SPI has four main signals as shown in the figure below.

The master is responsible for generating the clock in which the whole system works on and it selects which slave he will communicate with.

With regards to the architecture, we developed our own architecture as shown in the figure below.

SPI can work with 4 modes of operations according to 2 signals which are CPOL and CPHA as shown in the figure below. The choice of which mode depends on which type of slave we are communicating with.

We have 4 main registers which are:

1. SPI Control register (SPICR): This register is mainly responsible for enabling the SPI, controlling whether it is master or slave and controlling the mode of operation if it is a master.

2. SPI Data register (SPIDR): This register contains the data which needed to be sent and also received data.

3. SPI BaudRate register (SPIBR): It is responsible for the SPR signal which is the prescalar the is used to calculate the value the clock is divided by.

4. SPI Status register (SPISR): This register raises a flag when the data is successfully sent.

This module divides the system clock frequency by the Divisor which can be calculated from SPR bits from the SPIBR register.

This block has an inputs of CPOL and CPHA and then it generates the output clock on which the SPI sends data with. It also generates 2 signals which are Shift clock and Sample clock. The Master Block takes the M_BaudRate Signal and outputs the SCK_out. Whule the Slave Block takes the SCK_in and outputs the S_BaudRate signal.

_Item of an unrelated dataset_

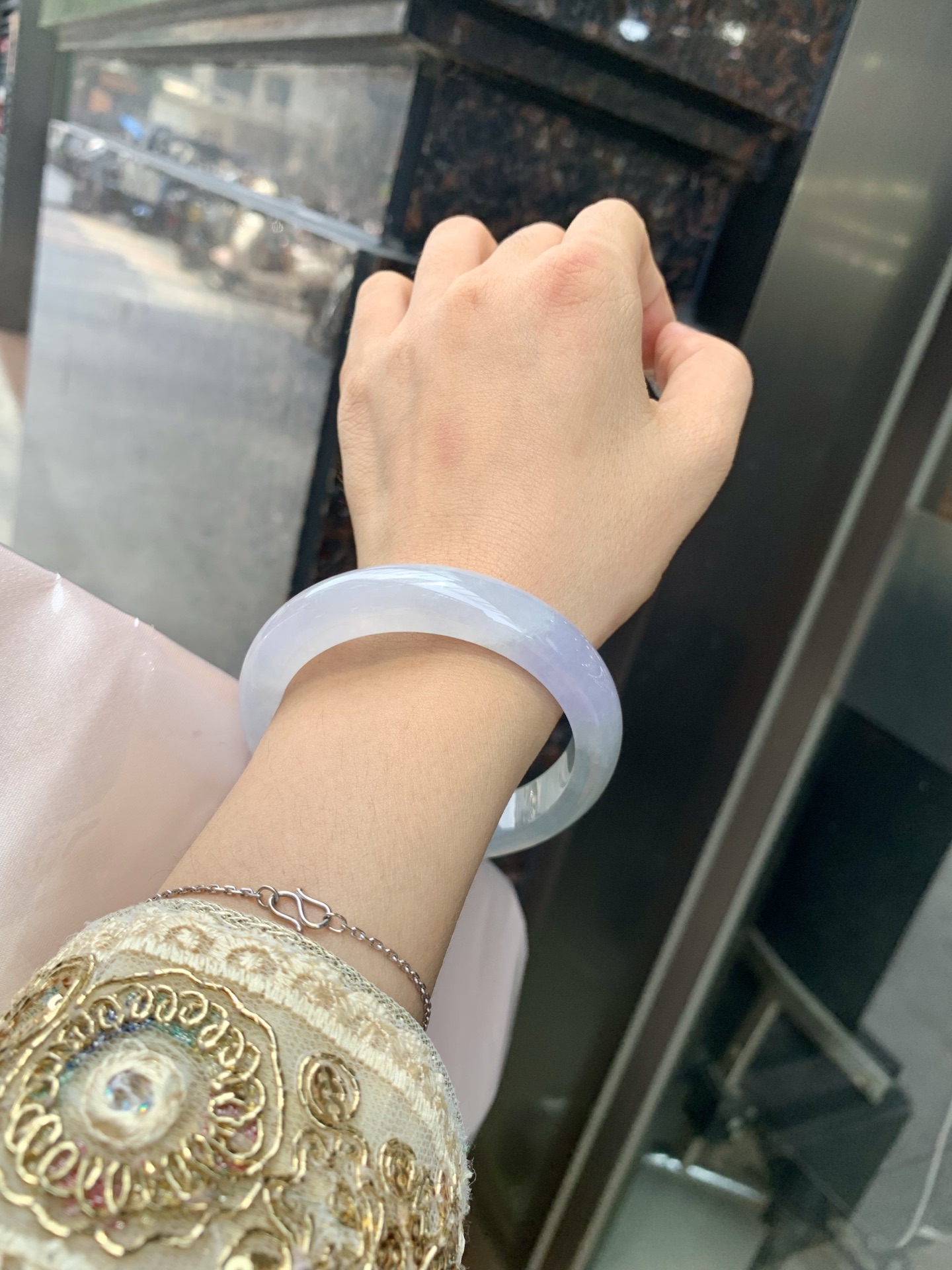 冰幻彩正圈 55.7-8.6-12.3 0524-513-46 打灯细纹，底妆冰润，幻彩也可以叫春彩，它是颜色丰富多样，有清新的淡绿，优雅的，每种颜色都有独特韵味。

1. Shift clock is when the data is Driven to output.

2. Sample clock is when the master/slave samples the data which is already driven by other device.

Depending on the MSTR signal coming from the SPDR register, this block selects whether the Shift and Sample clocks produced by SCK_control_master or SCK_control_slave is propagated into the Shifter. This Block also produces the control_BaudRate which is the main count signal of the controller.

The shifter block is the block which takes the shift and sample clocks from the Master_slave_select to Drive the data to be sent and sample the recieved data.

1. Start State is a state used for synchronization between the Slave and Master so that the idle state starts at the same edge.
2. Idle State is a state signaling the start of operation. In this state, data in the SPDR is recieved from the user and propagated into the Shifter Shift register, and the SPIF is set to zero.
3. Run State is the state of sending and recieving data. The bit counter starts to be enabled and counts from 0 to 7 a total of 8 counts. The shifter is enabled as well in this state.
4. Update State signals finishing the sending/recieving of data. The data from the shifter is transferred to the SPDR to be taken by the user. The next state from here returns to the Idle state since the Master and Slave is already synchronized.

A simple testbench was created consisting of a few directed tests where a value of the SPDR is set at periodic intervals and then it is checked to see whether the data recieved at the corresponding device is the same.